Les images relevées dans le verger de Maxime Tancogne – prunes violacées fripées, traces de brûlure, chutes importantes – disent la violence d’un épisode qui frappe en amont de la campagne de transformation. De l’avis des agriculteurs rencontrés, si un nouveau pic thermique de plusieurs jours devait survenir, la note grimperait d’un cran, au-delà de la seule perte de fruits. La préservation du capital arboré devient une priorité, car chaque arbre perdu représente des années d’effort à reconstituer.

  • Vigilance climatique accrue dans les prochaines semaines, période décisive pour stabiliser la production.
  • Suivi parcellaire fin pour évaluer l’état sanitaire et programmer les interventions indispensables.
  • Organisation de la filière en aval pour absorber une qualité potentiellement plus hétérogène.

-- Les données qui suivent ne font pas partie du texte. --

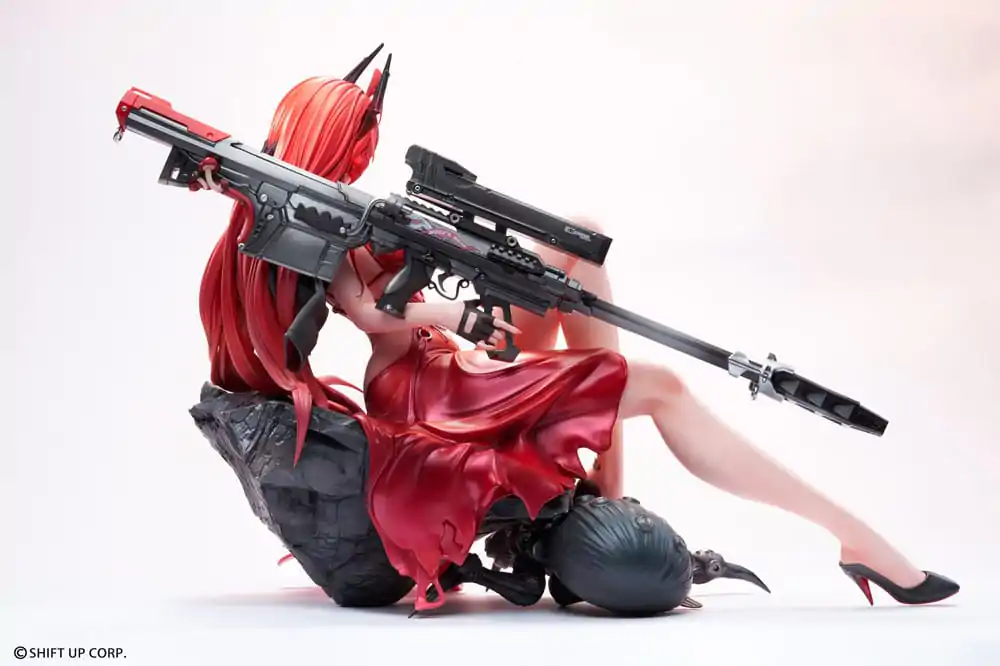 Goddess of Victory: Nikke PVC Kip 1/4 Red Hood Nonsense Red Deluxe Edtition 28 cm fotografija izdelka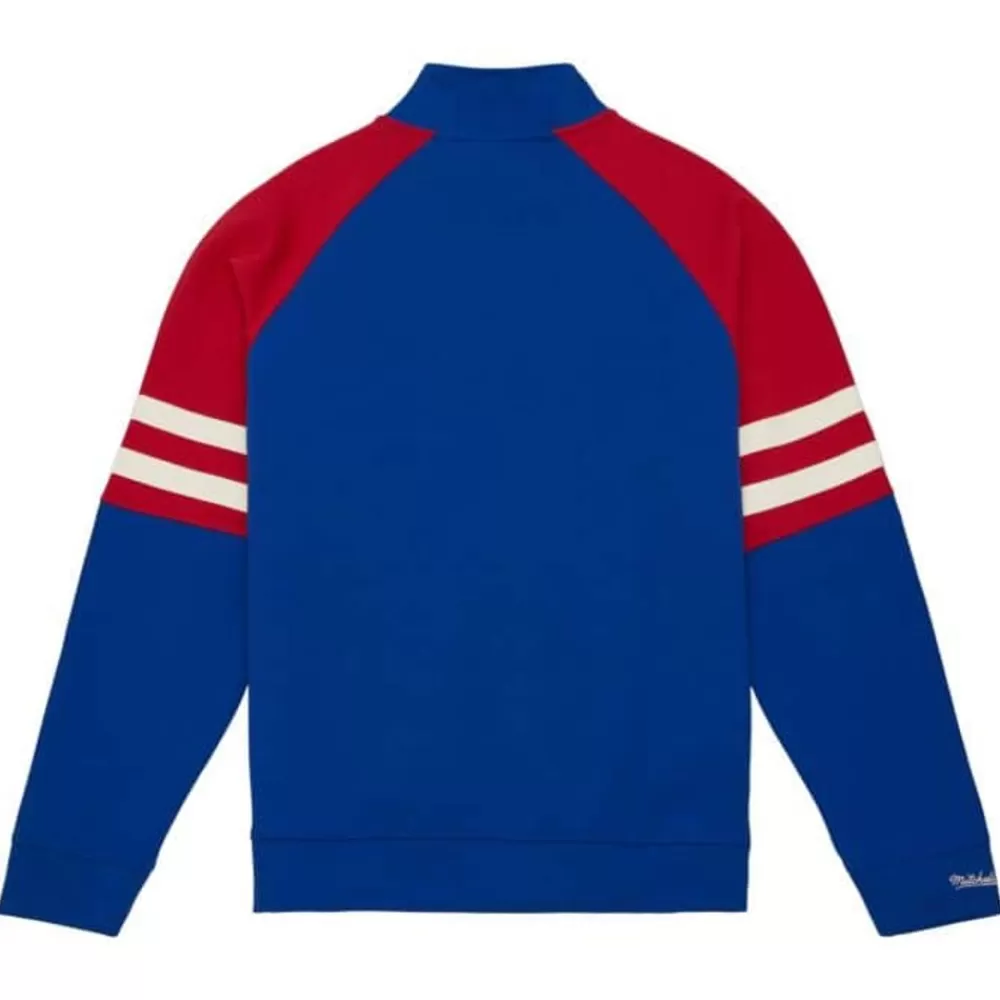 Apparel Mitchell & Ness Jackets & Outerwear-Mvp 2.0 Track Jacket Buffalo Bills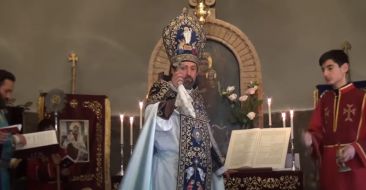 The bells and icons of St. Sargis Church of Stepanavan were consecrated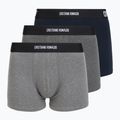 Boxer da uomo CR7 Basic Trunk 3 pack multicolour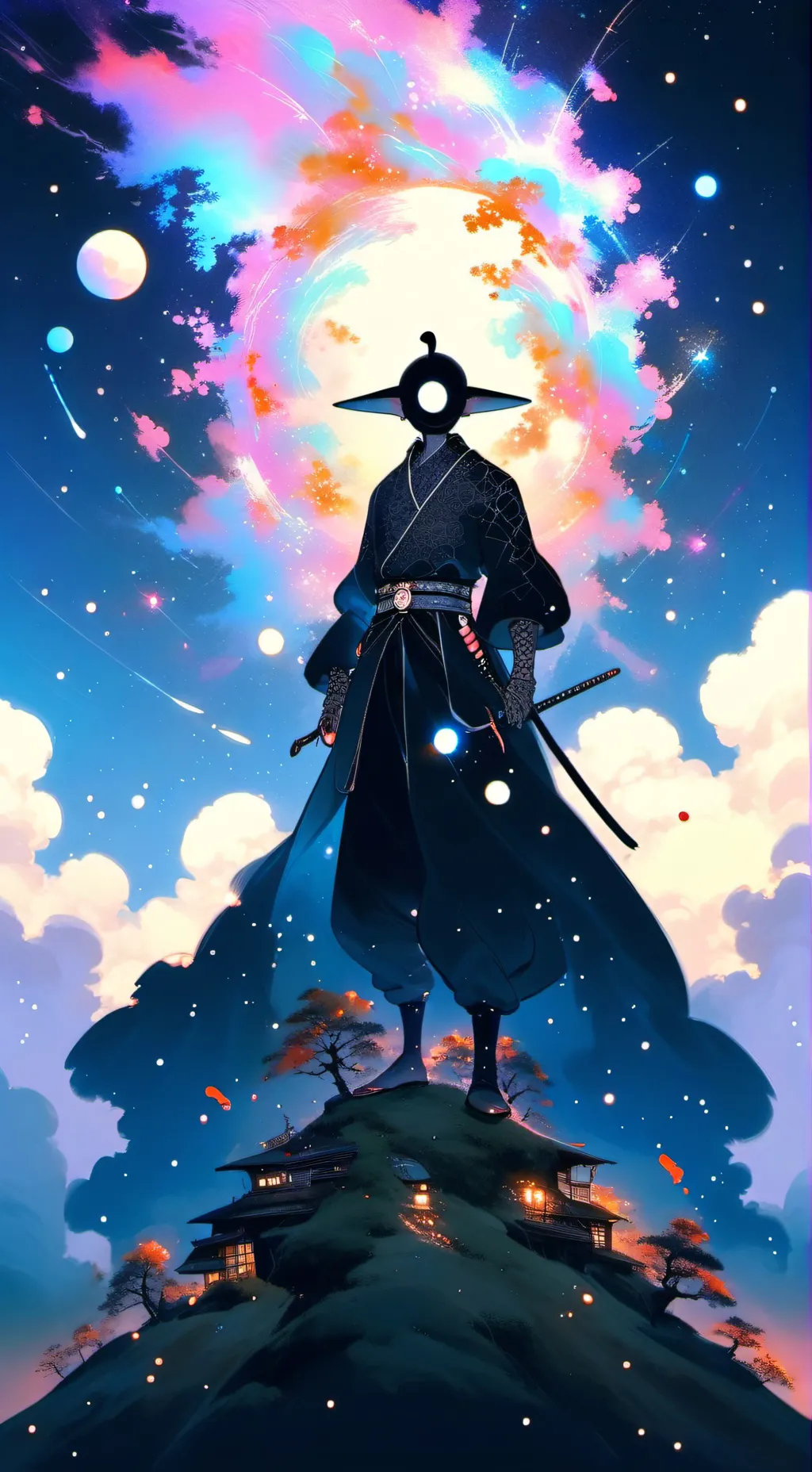 ai character: ✧Moonflower✧ background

Dans la vallée du Lot, la culture du prunier a traversé des générations et des saisons irrégulières. Mais l’intensité de l’épisode de juin rappelle, avec gravité, que l’équation se complexifie. L’heure est à la mesure juste des dégâts, sans catastrophisme inutile, mais avec le réalisme qu’impose une chaleur que les vergers n’avaient pas connue à ce stade du calendrier.